Hal itu sebagai salah satu cara terbaik untuk mengontrol penimbunan sampah yang berlebihan.
“Secara substansi UU tersebut sudah cukup baik dengan mencantumkan mekanisme infrastruktur dalam peggelolaan sampah dan kerja sama,” kata Dadek saat menerima kedatangan Komite II Dewan Perwakilan Daerah (DPD) RI di ruang Potensi Daerah Setda Aceh, Banda Aceh, Selasa, 28/1/2020.
Namun demikian, menurut Dadek, masih ada kekurangan pasal-pasal yang mengatur bagaimana menumbuhkan budaya hidup bersih di kalangan masyarakat Indonesia khususnya Aceh.

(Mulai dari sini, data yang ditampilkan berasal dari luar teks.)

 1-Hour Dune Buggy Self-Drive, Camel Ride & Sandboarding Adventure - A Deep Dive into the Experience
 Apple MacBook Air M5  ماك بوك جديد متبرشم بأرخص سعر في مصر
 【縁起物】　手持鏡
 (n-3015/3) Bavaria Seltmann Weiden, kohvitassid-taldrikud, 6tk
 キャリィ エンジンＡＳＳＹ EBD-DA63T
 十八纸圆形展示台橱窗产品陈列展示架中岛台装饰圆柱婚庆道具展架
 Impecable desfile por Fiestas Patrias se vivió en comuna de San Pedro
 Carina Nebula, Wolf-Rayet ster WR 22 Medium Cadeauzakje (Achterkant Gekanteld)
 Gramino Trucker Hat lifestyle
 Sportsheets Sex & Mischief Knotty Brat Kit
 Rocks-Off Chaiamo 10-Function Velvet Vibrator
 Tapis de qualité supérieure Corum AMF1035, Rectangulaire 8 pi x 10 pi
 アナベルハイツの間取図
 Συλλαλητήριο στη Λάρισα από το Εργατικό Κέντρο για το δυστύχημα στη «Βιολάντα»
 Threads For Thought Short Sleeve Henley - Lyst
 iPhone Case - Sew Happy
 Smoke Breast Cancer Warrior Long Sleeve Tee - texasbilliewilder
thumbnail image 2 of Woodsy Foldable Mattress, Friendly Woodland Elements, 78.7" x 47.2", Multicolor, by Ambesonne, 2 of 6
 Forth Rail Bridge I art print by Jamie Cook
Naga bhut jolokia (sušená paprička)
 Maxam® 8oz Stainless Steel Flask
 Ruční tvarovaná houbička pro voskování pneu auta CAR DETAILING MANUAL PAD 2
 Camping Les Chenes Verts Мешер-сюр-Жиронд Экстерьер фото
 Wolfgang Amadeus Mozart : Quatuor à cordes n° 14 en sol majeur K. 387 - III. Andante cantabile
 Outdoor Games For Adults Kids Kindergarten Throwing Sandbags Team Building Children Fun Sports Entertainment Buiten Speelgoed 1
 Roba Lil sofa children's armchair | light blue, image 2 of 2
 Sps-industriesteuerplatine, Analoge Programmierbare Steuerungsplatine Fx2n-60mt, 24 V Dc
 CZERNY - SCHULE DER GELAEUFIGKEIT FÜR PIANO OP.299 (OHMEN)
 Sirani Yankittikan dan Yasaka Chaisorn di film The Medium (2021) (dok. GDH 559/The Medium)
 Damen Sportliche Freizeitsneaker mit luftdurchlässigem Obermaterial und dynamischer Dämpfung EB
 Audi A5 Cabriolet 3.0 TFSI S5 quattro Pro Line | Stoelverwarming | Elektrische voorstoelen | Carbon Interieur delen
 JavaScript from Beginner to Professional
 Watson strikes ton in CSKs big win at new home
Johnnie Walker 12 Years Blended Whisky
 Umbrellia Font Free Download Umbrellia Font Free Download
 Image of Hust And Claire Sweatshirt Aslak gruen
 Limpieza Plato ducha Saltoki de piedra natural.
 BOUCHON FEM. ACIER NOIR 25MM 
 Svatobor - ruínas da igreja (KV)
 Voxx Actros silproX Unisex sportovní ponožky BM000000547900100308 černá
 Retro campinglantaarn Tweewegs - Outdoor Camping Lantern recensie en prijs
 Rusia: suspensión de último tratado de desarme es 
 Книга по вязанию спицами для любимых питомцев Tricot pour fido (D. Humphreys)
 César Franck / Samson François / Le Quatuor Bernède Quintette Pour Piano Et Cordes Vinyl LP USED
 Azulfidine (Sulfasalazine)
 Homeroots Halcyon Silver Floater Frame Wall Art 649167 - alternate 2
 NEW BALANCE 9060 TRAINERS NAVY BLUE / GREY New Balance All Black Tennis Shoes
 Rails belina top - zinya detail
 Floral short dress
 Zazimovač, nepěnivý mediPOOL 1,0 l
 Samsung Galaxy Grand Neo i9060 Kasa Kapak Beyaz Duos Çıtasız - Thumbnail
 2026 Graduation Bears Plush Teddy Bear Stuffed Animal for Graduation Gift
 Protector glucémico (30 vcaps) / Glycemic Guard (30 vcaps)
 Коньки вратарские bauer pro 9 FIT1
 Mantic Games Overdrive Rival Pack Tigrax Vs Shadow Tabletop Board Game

Dadek menginginkan dalam revisi UU itu, beberapa rekomendasi dari Pemerintah Aceh bisa dimasukkan. Di antara rekomendasi pihaknya adalah perlunya keterlibatan pihak swasta dalam mengelola sampah, sehingga sampah yang awalnya berbahaya dapat diubah menjadi produk yang bernilai ekonomis. Di samping itu, upaya peningkatan budaya peduli sampah di kalangan masyarakat juga perlu untuk terus ditingkatkan.
“Menumbuhkan budaya bersih harus dipercepat, masalah infrastruktur bisa dibangun banyak namun jika budaya bersih masih kurang sama saja. Budaya ini yang perlu dijaga dan di kembangkan dan itu semua harus dimulai dari kita sendri,” kata Dadek.
Sementara terkait keikutsertaan pihak swasta dalam mengelola sampah perlu didukung dengan regulasi yang tegas dari pemerintah pusat. “Kebijakan di pusat yang tepat akan memengaruhi yang di daerah juga,” kata Dadek
Sementara itu Ketua Delegasi Komite II DPD RI, Abdullah Puteh, mengatakan pertemuan tersebut dilakukan untuk menyempurnakan revisi UU Nomor 18 tahun 2018 tentang pengelolaan sampah.
“Kedatangan kami dalam rangka menyusun dan menerima rekomendasi serta pandangan dari Aceh tentang pengelolaan sampah,” kata Mantan Gubernur Aceh tersebut.